On April 15th this year my beloved grandpop passed. He lived in NJ. This is where the majority of my family is from and resides.

A little background here. My extended family are really classy upper-class people. They are all college educated, get married for life, homeowners, a close knit group people living the american dream.

Then there is the branch of the tree in which I groweth. My mom, marrried 6+ times to absuive men, an alocholic, she and each of my siblings has had their fair share of a rough life. Because we are in NC and everyone else is in NJ no one really knows how screwed up this section of our family is. Then there was the funeral.

It started with about 3 days of arguing, fighting, planning, replanning, etc etc..Who was riding with who, whose car would/wouldnt make it, who would stay with who, who could afford a hotel, who could not. There were several emotional breakdowns and arguments before we ever headed out.
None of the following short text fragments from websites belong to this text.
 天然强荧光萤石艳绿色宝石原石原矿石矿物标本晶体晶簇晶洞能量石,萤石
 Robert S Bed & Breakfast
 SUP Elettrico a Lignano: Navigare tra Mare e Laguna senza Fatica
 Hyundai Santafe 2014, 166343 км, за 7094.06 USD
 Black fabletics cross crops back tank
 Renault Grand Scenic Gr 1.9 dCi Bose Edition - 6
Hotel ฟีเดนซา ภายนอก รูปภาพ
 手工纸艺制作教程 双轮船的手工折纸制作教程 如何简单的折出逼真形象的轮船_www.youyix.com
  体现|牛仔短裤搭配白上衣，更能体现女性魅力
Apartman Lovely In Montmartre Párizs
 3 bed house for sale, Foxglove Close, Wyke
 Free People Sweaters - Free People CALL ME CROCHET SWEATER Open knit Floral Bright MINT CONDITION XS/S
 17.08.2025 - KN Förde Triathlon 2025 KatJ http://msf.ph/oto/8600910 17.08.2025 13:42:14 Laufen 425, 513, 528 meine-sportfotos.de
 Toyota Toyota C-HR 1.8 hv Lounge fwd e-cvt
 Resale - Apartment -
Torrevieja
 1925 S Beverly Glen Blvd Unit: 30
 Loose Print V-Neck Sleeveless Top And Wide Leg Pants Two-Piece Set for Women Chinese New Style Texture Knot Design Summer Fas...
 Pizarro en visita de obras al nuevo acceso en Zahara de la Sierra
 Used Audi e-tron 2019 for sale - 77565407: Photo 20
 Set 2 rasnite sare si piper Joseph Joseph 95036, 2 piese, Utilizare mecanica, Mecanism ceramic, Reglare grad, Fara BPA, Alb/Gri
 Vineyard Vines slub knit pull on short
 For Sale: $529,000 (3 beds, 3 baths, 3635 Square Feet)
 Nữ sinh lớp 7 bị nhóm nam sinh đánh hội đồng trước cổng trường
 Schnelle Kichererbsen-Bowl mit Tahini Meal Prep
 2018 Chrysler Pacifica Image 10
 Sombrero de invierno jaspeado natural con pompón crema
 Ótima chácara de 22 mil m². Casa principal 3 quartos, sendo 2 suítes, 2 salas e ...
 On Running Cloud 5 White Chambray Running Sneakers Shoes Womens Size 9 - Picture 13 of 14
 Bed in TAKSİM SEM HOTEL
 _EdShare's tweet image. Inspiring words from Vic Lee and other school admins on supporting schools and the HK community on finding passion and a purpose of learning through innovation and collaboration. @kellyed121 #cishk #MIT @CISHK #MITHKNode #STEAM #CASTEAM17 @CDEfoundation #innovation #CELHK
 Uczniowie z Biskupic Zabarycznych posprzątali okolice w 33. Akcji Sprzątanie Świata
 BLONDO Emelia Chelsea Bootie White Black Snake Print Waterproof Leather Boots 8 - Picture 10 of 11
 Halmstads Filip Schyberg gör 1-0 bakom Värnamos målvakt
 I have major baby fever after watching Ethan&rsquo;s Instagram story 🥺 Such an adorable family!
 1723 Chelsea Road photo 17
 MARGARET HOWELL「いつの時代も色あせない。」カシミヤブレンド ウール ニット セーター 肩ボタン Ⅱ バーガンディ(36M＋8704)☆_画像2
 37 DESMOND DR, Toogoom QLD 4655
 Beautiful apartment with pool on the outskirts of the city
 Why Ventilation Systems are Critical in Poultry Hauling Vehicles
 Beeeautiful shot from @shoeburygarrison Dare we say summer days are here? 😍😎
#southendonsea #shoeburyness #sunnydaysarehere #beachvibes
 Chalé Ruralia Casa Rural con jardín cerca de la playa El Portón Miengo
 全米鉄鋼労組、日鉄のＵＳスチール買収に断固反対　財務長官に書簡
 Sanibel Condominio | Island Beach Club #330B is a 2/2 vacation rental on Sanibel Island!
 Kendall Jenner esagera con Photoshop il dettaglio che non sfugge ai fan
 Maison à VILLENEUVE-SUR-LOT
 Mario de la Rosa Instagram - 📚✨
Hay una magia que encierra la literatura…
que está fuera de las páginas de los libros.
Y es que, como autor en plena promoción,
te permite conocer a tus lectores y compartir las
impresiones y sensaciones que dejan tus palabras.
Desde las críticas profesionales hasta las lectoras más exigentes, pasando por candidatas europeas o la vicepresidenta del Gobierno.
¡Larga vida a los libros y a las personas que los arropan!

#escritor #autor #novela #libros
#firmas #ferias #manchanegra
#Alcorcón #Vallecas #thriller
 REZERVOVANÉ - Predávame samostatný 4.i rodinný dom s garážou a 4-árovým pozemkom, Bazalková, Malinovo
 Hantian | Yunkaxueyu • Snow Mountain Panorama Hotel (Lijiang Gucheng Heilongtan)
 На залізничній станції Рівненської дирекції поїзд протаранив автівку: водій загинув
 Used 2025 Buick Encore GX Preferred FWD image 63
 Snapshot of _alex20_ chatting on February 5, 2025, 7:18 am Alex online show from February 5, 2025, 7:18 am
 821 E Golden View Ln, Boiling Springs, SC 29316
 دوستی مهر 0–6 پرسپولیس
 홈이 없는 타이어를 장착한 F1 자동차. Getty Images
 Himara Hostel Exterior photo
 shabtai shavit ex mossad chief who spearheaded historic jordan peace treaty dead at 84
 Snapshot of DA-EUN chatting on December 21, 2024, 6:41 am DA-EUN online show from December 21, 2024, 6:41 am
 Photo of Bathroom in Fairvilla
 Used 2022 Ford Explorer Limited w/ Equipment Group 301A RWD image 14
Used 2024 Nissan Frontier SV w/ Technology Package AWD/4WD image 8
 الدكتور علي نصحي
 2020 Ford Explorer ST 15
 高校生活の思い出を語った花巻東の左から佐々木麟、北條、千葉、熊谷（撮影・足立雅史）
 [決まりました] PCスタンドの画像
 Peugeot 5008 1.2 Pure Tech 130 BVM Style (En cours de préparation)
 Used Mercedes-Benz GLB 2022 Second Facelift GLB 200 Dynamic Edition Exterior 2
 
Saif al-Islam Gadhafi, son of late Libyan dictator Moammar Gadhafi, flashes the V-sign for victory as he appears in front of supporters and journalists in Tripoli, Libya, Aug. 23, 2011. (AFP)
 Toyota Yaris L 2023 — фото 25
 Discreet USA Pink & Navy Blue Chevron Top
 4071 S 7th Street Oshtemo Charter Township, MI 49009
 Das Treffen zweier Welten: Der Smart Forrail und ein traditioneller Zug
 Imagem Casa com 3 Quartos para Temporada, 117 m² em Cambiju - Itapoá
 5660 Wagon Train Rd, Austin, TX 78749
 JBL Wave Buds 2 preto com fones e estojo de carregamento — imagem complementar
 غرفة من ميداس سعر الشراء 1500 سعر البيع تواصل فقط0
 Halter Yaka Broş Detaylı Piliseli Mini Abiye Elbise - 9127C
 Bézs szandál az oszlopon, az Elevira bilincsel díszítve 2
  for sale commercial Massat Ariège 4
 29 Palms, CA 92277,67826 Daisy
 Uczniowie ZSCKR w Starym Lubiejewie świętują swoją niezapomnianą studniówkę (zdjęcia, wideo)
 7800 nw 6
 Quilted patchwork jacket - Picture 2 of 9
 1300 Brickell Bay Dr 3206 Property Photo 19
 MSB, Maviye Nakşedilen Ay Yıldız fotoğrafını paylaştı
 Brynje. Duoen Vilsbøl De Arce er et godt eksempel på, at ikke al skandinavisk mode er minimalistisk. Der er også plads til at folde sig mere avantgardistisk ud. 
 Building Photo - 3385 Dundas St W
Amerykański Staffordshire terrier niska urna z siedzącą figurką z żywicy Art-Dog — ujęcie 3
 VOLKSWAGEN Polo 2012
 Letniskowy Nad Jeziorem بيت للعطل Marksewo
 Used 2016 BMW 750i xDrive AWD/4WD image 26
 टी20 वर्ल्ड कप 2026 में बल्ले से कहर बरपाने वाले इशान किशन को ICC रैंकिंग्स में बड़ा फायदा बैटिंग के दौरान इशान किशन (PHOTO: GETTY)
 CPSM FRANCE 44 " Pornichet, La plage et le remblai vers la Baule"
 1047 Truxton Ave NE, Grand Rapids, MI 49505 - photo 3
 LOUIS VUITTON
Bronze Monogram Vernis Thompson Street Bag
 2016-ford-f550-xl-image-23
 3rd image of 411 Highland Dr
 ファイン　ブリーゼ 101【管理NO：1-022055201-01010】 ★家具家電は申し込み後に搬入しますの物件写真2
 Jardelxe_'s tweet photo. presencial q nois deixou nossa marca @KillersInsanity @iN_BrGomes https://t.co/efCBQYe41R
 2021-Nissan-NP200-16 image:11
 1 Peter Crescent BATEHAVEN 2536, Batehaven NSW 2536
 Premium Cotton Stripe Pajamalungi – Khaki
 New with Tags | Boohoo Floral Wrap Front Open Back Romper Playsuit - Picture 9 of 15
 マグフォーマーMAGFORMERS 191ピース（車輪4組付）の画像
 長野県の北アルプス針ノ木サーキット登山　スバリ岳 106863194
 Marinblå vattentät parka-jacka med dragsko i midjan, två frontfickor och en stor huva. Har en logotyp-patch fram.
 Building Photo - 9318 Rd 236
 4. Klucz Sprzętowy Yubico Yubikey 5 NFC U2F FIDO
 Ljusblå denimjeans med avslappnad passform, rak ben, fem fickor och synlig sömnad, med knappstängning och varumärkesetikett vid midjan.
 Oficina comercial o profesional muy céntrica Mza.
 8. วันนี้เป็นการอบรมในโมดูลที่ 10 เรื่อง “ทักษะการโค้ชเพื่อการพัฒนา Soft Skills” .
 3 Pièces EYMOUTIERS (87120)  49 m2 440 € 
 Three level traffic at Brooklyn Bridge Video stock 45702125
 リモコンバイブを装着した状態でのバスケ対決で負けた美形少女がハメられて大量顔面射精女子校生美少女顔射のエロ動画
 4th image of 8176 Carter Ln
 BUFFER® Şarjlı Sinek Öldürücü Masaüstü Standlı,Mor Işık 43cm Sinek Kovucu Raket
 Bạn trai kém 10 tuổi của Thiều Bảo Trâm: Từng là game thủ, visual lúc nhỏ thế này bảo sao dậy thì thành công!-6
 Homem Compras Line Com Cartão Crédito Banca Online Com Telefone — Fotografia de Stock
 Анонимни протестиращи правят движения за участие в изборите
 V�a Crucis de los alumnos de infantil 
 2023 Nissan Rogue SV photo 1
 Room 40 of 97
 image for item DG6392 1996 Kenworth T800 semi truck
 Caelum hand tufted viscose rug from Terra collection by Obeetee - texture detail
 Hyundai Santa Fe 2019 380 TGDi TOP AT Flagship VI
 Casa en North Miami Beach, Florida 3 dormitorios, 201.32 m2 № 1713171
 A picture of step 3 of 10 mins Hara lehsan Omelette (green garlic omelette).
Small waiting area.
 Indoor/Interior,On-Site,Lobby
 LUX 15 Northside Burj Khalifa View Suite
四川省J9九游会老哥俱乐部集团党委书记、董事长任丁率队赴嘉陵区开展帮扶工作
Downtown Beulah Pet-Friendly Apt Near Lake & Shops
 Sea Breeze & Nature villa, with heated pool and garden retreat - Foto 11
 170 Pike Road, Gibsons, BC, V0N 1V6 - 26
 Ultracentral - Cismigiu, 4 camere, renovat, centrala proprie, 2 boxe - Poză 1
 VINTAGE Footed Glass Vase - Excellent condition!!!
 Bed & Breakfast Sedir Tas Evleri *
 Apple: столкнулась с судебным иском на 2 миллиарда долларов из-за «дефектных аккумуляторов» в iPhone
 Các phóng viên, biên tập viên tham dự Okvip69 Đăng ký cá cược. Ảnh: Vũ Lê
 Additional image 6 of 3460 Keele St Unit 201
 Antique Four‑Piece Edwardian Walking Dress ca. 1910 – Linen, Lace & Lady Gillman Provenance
So begins the journey to the North. They all arrived a couple days before me. I have little ones and shaved down my trip so I wouldn't be gone long. Upon my arrival at 10:45p at the Holiday Inn. I was greeted by this haggard looking bunch sitting outside all smoking. It was quite awkward since I hadn't seen or spoken to several of them in years although we all live @ 10 minutes apart. My estranged sister immediately hugged me and I hugged back....okay normal. Then came my mother. She grabs my hand and says simply "walk with me". Oh boy I thought. We walk a bit down the walkway and she begins to cry and tell me that it was my granpops dying wish that she and I made peace. Okay.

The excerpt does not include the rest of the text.